Going over to Rome

Meeting with Mgr Guido Marini, the Master of Pontifical Ceremonies, above St Peter's Square. From left to right: Fr Philip Moger, Revd Anne Dawtry, Very Revd David Richardson, Revd Tim Lomax, Dana Delap, Very Revd Rogers Govander, Revd Paul Thomas, Gill Ambrose, Revd Canon David Kennedy, Rt Revd Graham Kings, Revd Professor Paul Bradshaw, Revd Canon Gilly Myers, Revd Peter Moger, Rt Revd Bob Patterson, Revd Anders Bergquist, Rt Revd Stephen Platten, Revd Simon Jones, Revd Gary Waddington, Mgr Guido Marini, Revd Canon Carl Turner, Sue Moore, Fr Paul Gunter, Mgr Mark Langham, myself (expertly pressing the button on my camera was Revd Rhiannon Jones)

It was my privilege, as a member of the Church of England’s Liturgical Commission, to attend a series of meetings in Rome at the end of April.  This included some of the regular domestic business to resource worship in the Church of England as well as dialogue with counterparts in the Vatican.

Members of the Liturgical Commission were treated to some of Rome’s most spectacular sights, including visits to the catacombs underneath the tombs of the Popes in the basement of St Peter’s Basilica, a rooftop view of St Peter’s Square from underneath the Papal Apartments and the city-scape from the rooftop garden of the UK Ambassador’s residence.

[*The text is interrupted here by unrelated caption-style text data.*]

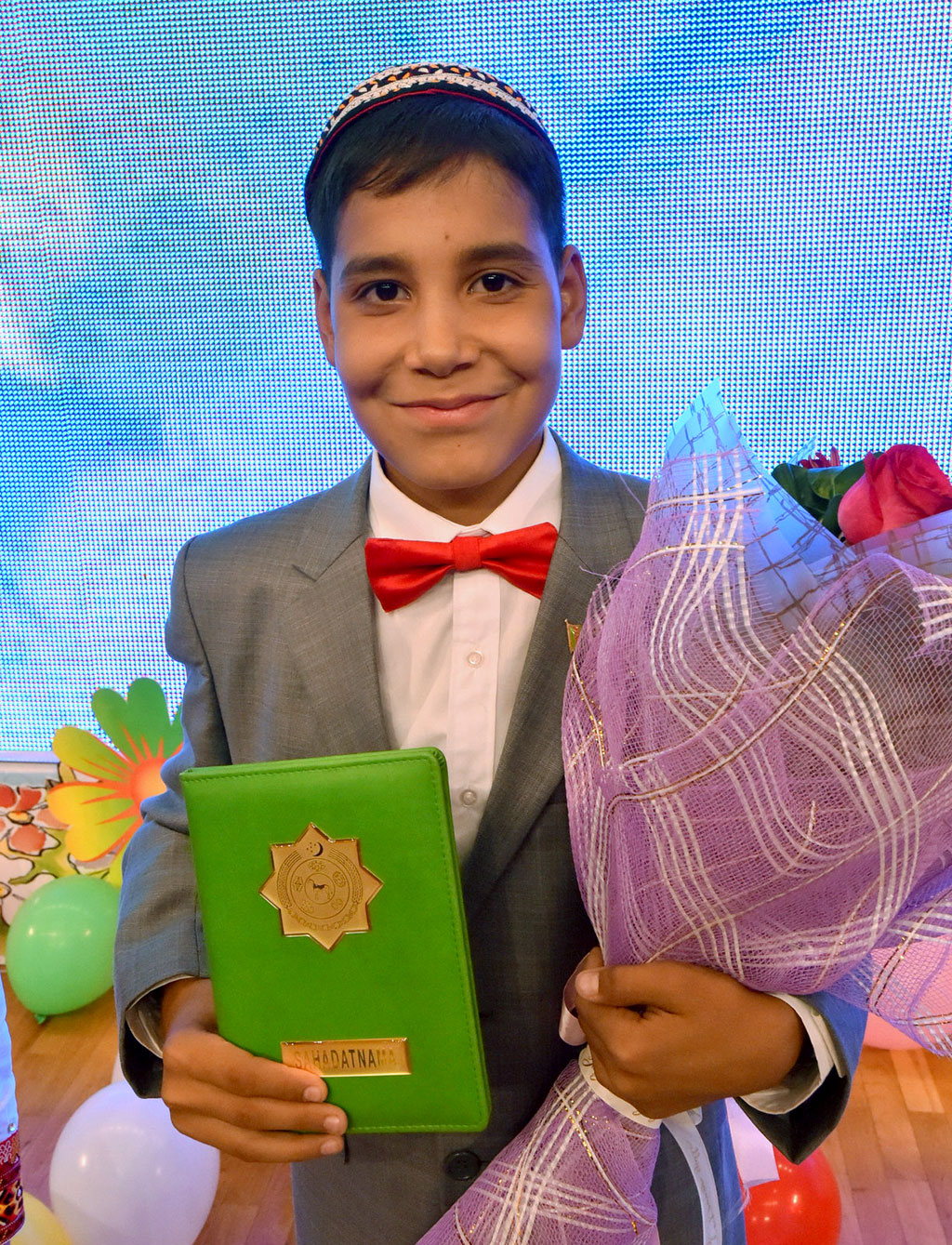 В Ашхабаде состоялся финал детского музыкально-песенного конкурса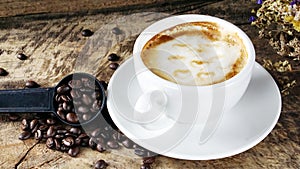 Pohár z káva dát na dřevo stůl tmavý pečený kávová zrna 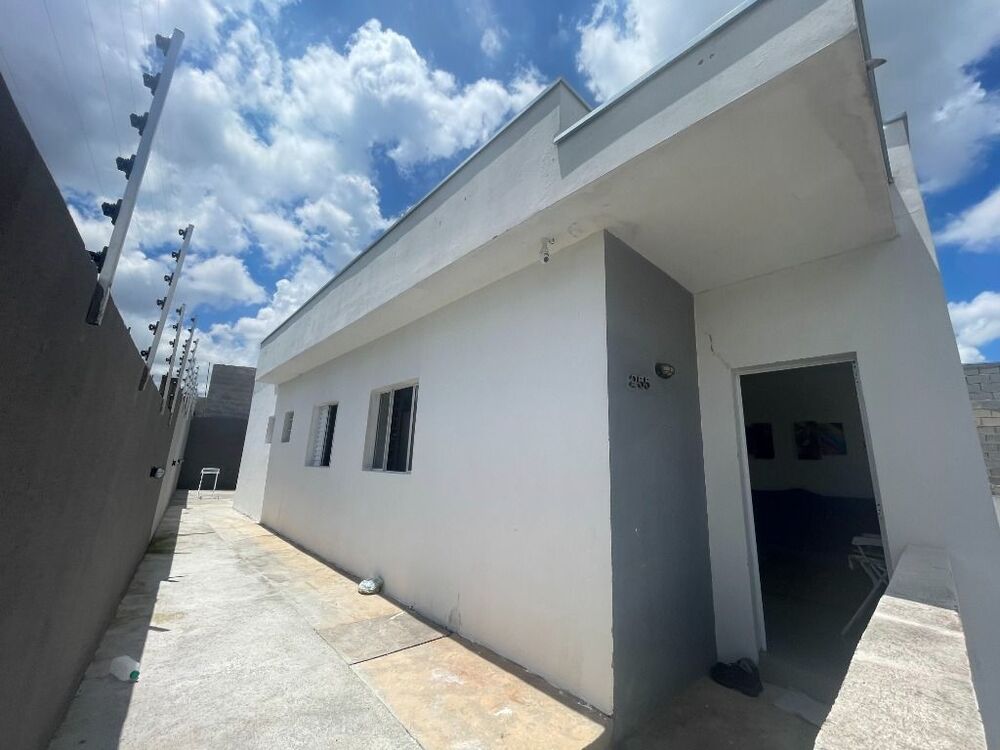 Casa, 2 quartos, 70 m² - Foto 1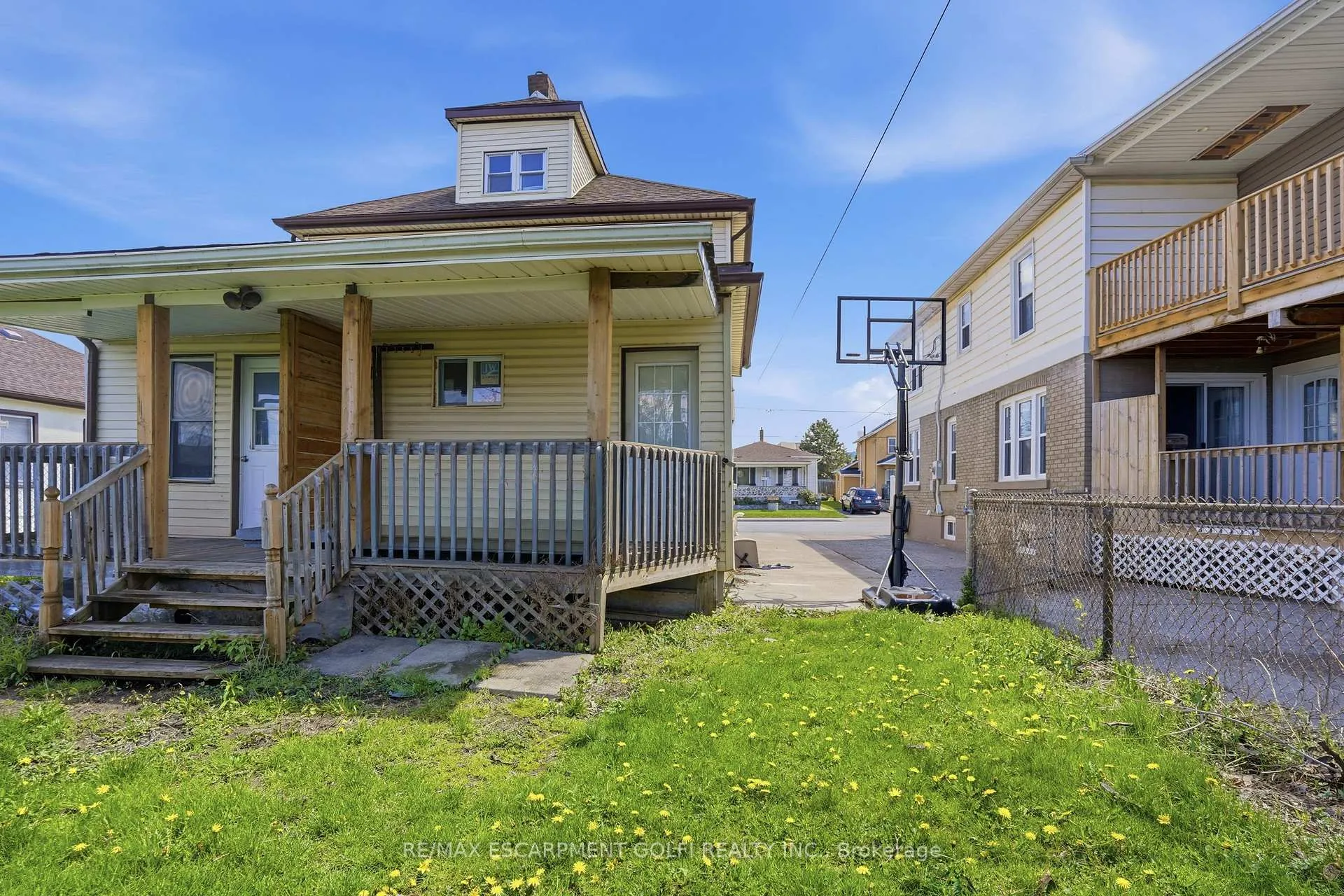 Photo 44 of 5671-5673 Desson Avenue, Niagara Falls, Clifton Hill — HOMEH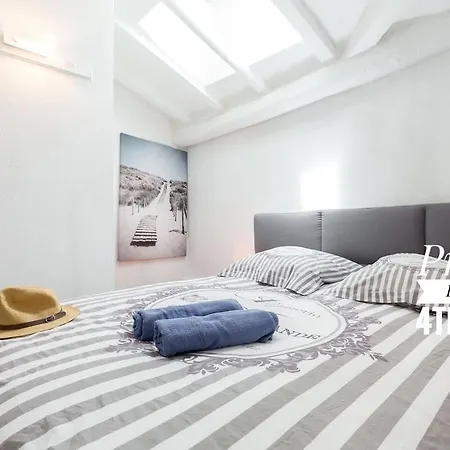 Private Building, 4 Apts, Unique At - Old Town Apartamento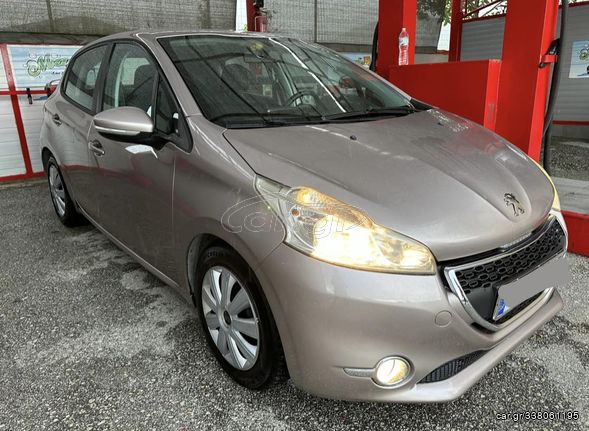 Peugeot 208 '12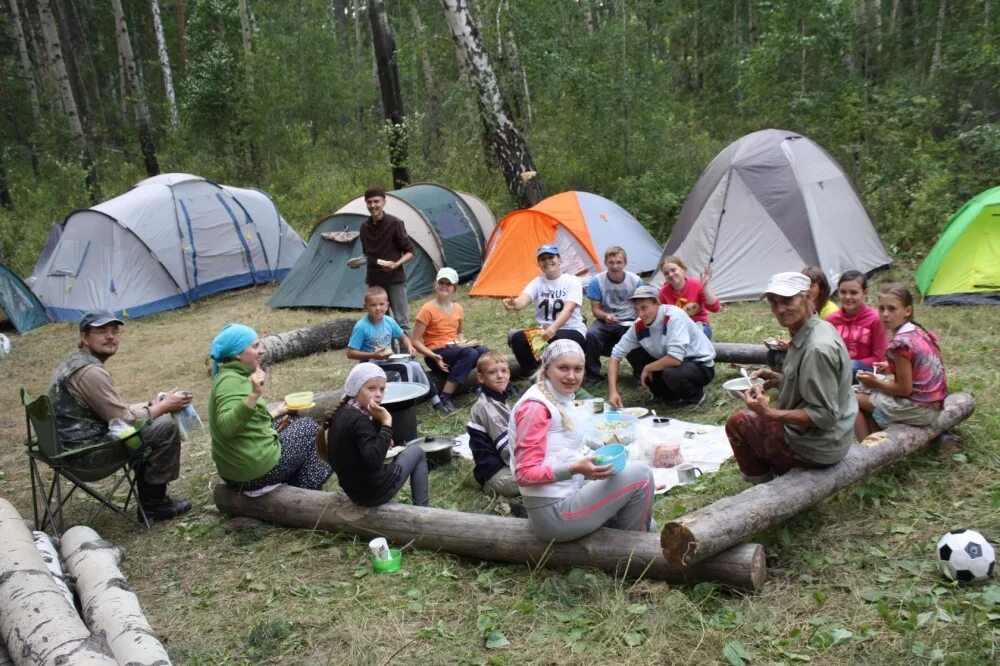 Первые туристические организации. Туристический лагерь. Палаточный лагерь. Лагерь с палатками. Летний палаточный лагерь.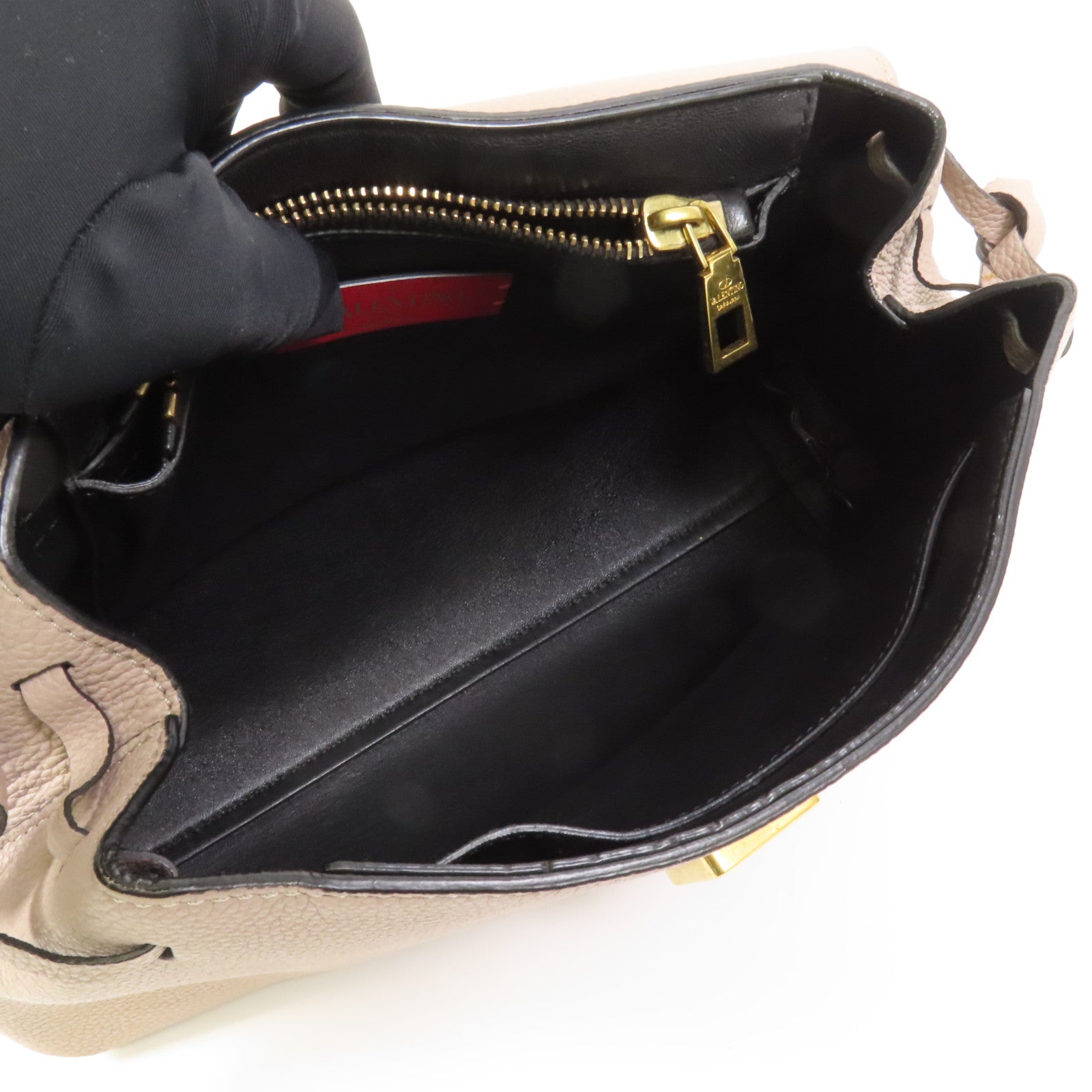 Valentino 牛皮皮革Vring金扣肩背袋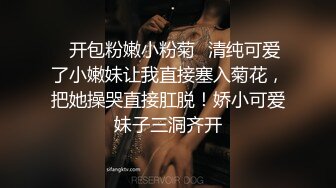  长发年轻嫩妹子，吊带装牛仔短裤，被小挫哥哥嘴接尿，全裸露脸交玩69女上位啪啪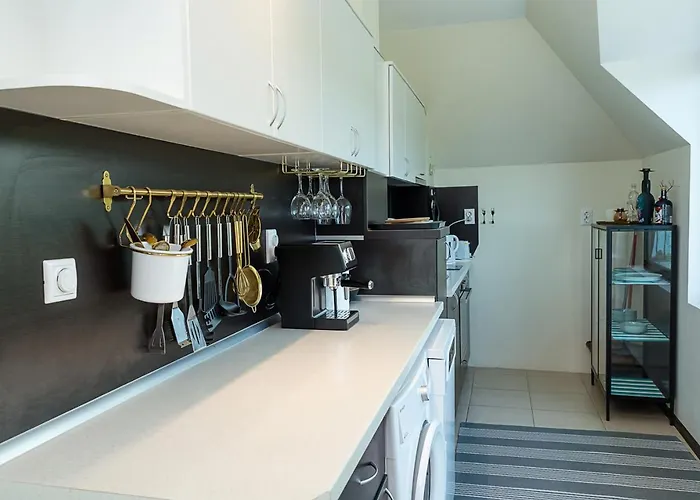 Panoramic Sea-view I 2-bedroom Flat With Terrace By Flat Manаger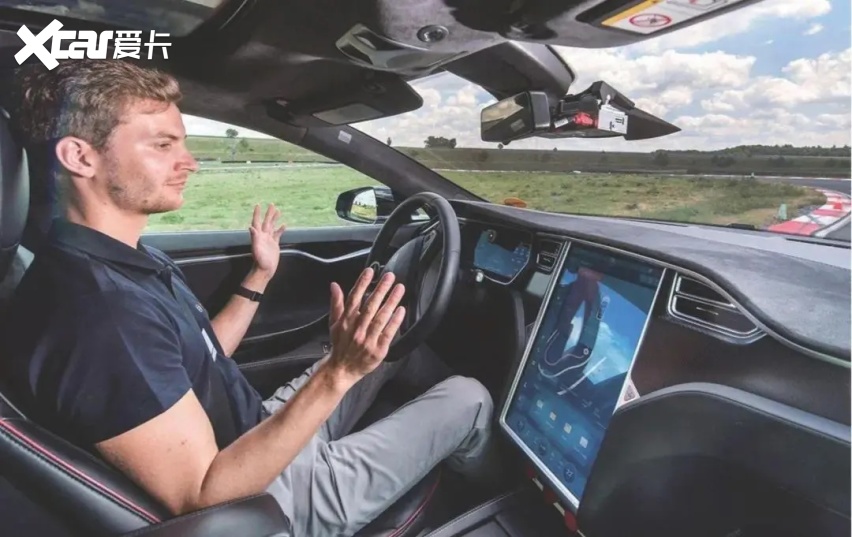 车顶换挡、按键大灯、取消倒车雷达！新款Model 3凭什么涨价2万8？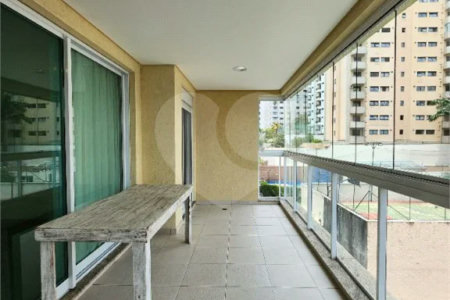 Apartamento à venda com 3 suítes em Santana, São Paulo, SP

The visit demonstrated the trust and respect that is held of one another as members of two different churches.  There is a great deal that is held in common both in belief and practice.

Perhaps the most stark difference that emerged through our discussions about worship was in the importance attached to cultural context.  In the Vatican the aspiration of universal practice was stressed; that is to say the hope that worship would be as uniform as possible throughout the world.  And indeed part of the job of the leaders we met was to promote that.  In the Anglican Communion local context is allowed to strongly shape how the Church worships.  So patterns of worship for the Church in Nigeria carry recognisably African references that are not present in the Church of England.

These meetings were particularly timely as the Holy Father prepares to visit the UK in September.  There is a widespread hope across the Church of England that his visit inspires many more to think an reflect on the Christian faith whether expressed in Roman, Anglican or other church tradition.

The privilege of being up close at a Papal Audience.
The privilege of being up close at a Papal Audience.
The crowds who come to hear the Holy Father in St Peter's Square every Wednesday morning.
The crowds who come to hear the Holy Father in St Peter's Square every Wednesday morning.
Thought to be one of the earliest depictions of Jesus, this mosaic is on the ceiling of a catacomb deep beneath St Peter's Basilica in Rome.

ENDS…………….

1 thought on “Going over to Rome

  1. audrey wall

    It was great looking at the pictures of Rome you had taken while there. As always your knowledge and enthusiam of showing us the pic’s where inspiring. I felt as though I knew Rome the way you shown us the pic’s,and I would love to go myself one day.